If you don't wait for rigor to pass but put the rabbit straight into the freezer, then take it out and let it thaw 2 or 3 days it will pass the rigor stage and become floppy. I believe if you do this in brine it will work as well as if you did the brine soak first.


----------



## illinoisguy (Sep 4, 2011)

Sherryb, I think we are okay. We pretty much fry everything. What I so is bleed it and cut it up into the pieces I desire. I put about a 1.5 rabbits in each ziploc and it goes straight to the freezer. No time for rigor. Right before freezing the meat is soft and when thawed it is soft.


----------



## SherryB (Oct 10, 2012)

Arachyd, now thats an explanation we noobs can understand!
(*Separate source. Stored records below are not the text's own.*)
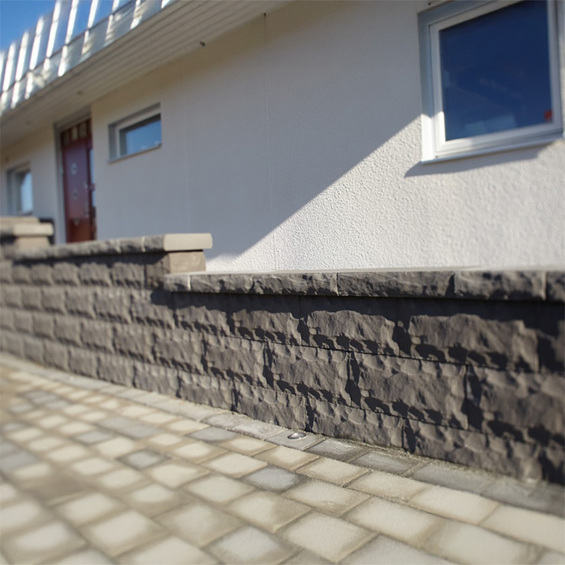 Compac Cut Plus i antracit – mursten till friliggande murar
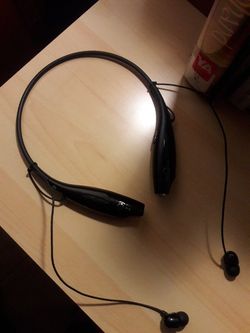 Wireless earphones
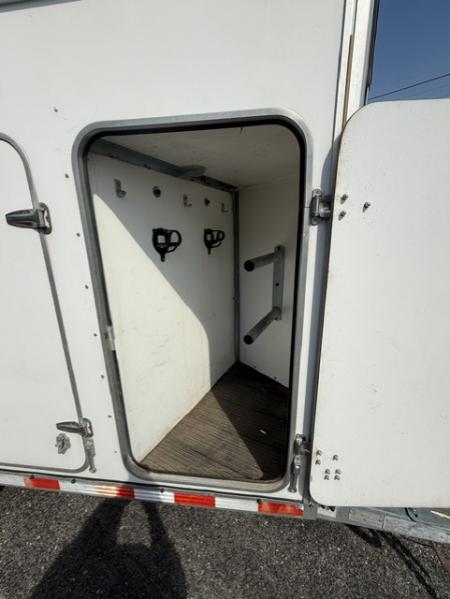 Used 2006 Brenderup ROYAL TC Horse Trailer
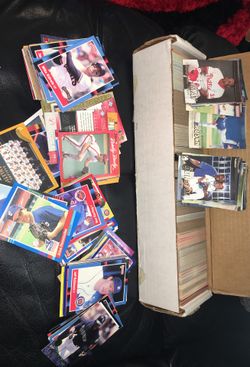 Baseball cards lot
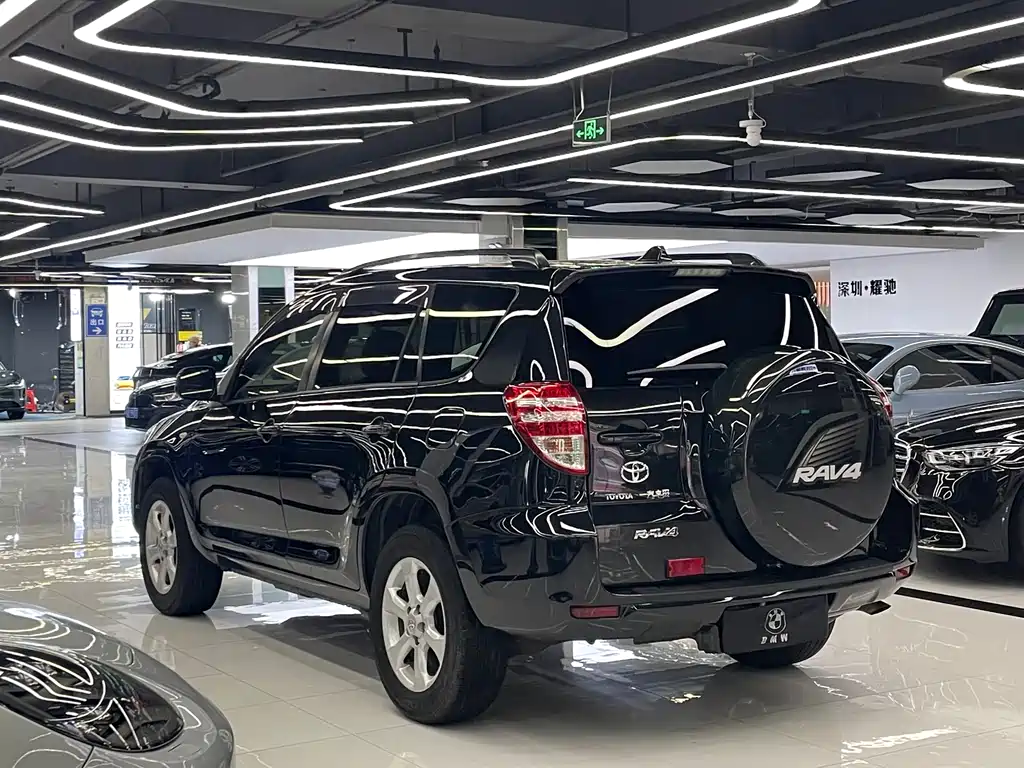 Toyota RAV4 2009 2.0L AT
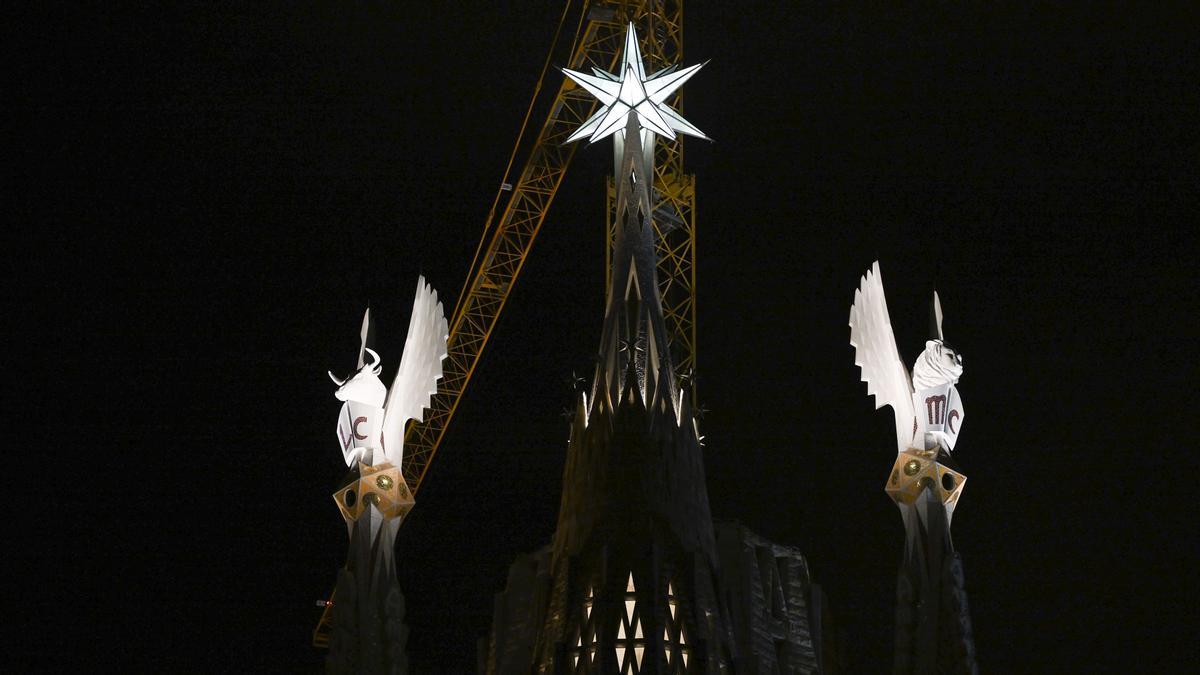 Iluminación de las torres de los evangelistas Lluc y Marc, junto a la estrella de María, en el templo de la Sagrada Família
Thank you very much....


----------



## spblademaker (Oct 8, 2013)

I brined Muscovy breasts for a week, changing the water twice, and plan on doing the same with the rabbits.


----------



## Caprice Acres (Mar 6, 2005)

I have never brined or rested any meat we produce on the farm. We've never rendered anything inedible.  I've never had any rabbit 'too tough' even old breeders that we fried up.


----------



## arachyd (Feb 1, 2009)

Mmmmmm muscovy. I used to brine ours when we had them. Delicious.


----------